In Australia there is a common law right for an employer to give a reasonable direction to an employee to undergo a medical assessment1. As with many other public sector jurisdictions, the ability to direct an employee to attend a medical examination (a health assessment) in the APS is provided in legislation, namely the Public Service Regulations 1999.
Direction to attend a medical examination
Under regulation 3.2 of the Public Service Regulations 1999, an agency head may, in writing, direct an employee to attend a medical examination, by a nominated medical practitioner, for the purposes of assessing the employee's fitness for duty. The ability to issue this direction can be delegated by the agency head to another person.
The regulation provides that the direction to undergo a medical examination can happen within a specified period, in circumstances where the agency head believes that the state of health of the employee:
- may be affecting the employee's work performance; or
- has caused, or may cause, the employee to have an extended absence from work; or
- may be a danger to the employee; or
- has caused, or may cause, the employee to be a danger to other employees or members of the public; or
- may be affecting the employee's standard of conduct.

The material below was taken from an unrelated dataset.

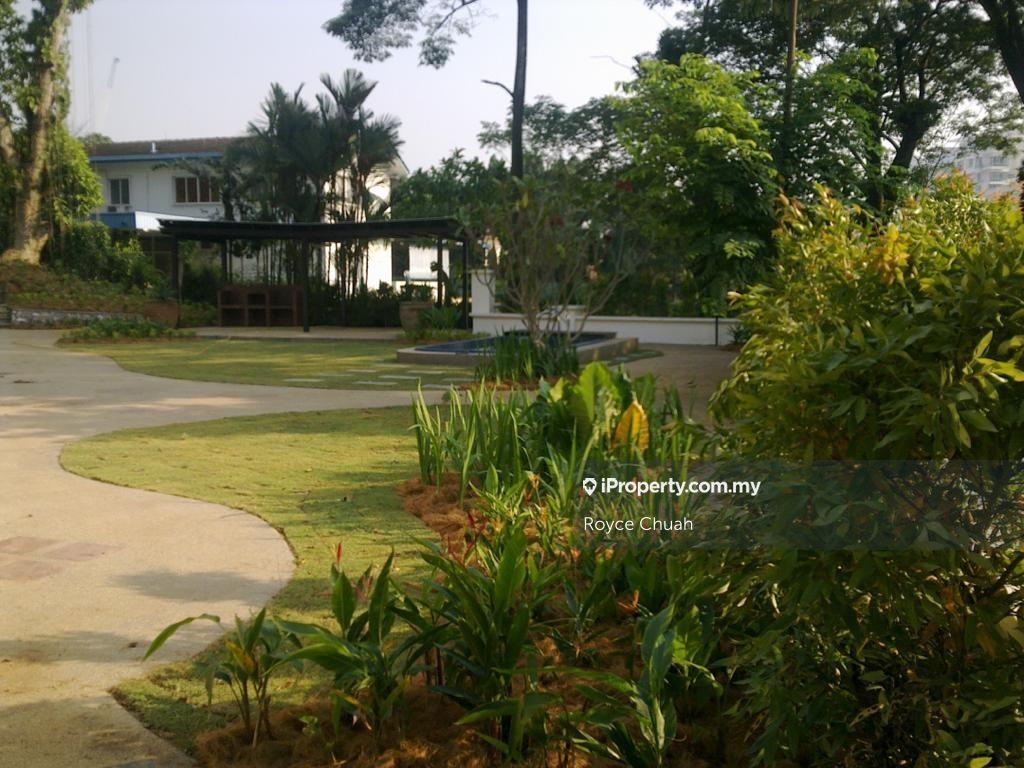 Bungalow House for Sale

An agency head may also direct an employee, in writing, to undergo a medical examination if the APS employee is to:
- be assigned new duties and the agency head believes that the state of health of the employee may affect the employee's ability to undertake those duties, or
- travel overseas as part of their employment.
In addition to directing an employee to undergo a medical examination, the regulation also provides that an agency head can direct the employee to provide a report of the examination within a specified period, or that the medical practitioner may give the agency head a report of the examination. The agency head can seek to obtain a copy of the report from the medical practitioner without seeking or confirming the agreement of the employee2.
Section 22(6)(e) of the Public Service Act 1999 allows agency heads to impose a health clearance as a condition of engagement. Regulation 3.1 of the Public Service Regulations 1999 provides the circumstances related to a health clearance as a condition of engagement.
Public Service Act 1999
Public Service Regulations 1999
Your agency has a duty of care (that is, a moral or legal obligation to ensure the safety and wellbeing of others) when it comes to your safety, health and wellbeing in the course of your APS employment.
Under the Work Health and Safety Act 2011, your agency must ensure that its ‘acts or omissions do not adversely affect the health and safety of other persons’3. Your agency must also provide a safe working environment and monitor your health and the conditions of the workplace to prevent injury or illness4, including both physical and mental health.
In some situations, your agency may need the recommendations of a health assessment to ensure that you are undertaking duties that are medically appropriate so that your agency can meet this duty of care under the Work Health and Safety Act 2011.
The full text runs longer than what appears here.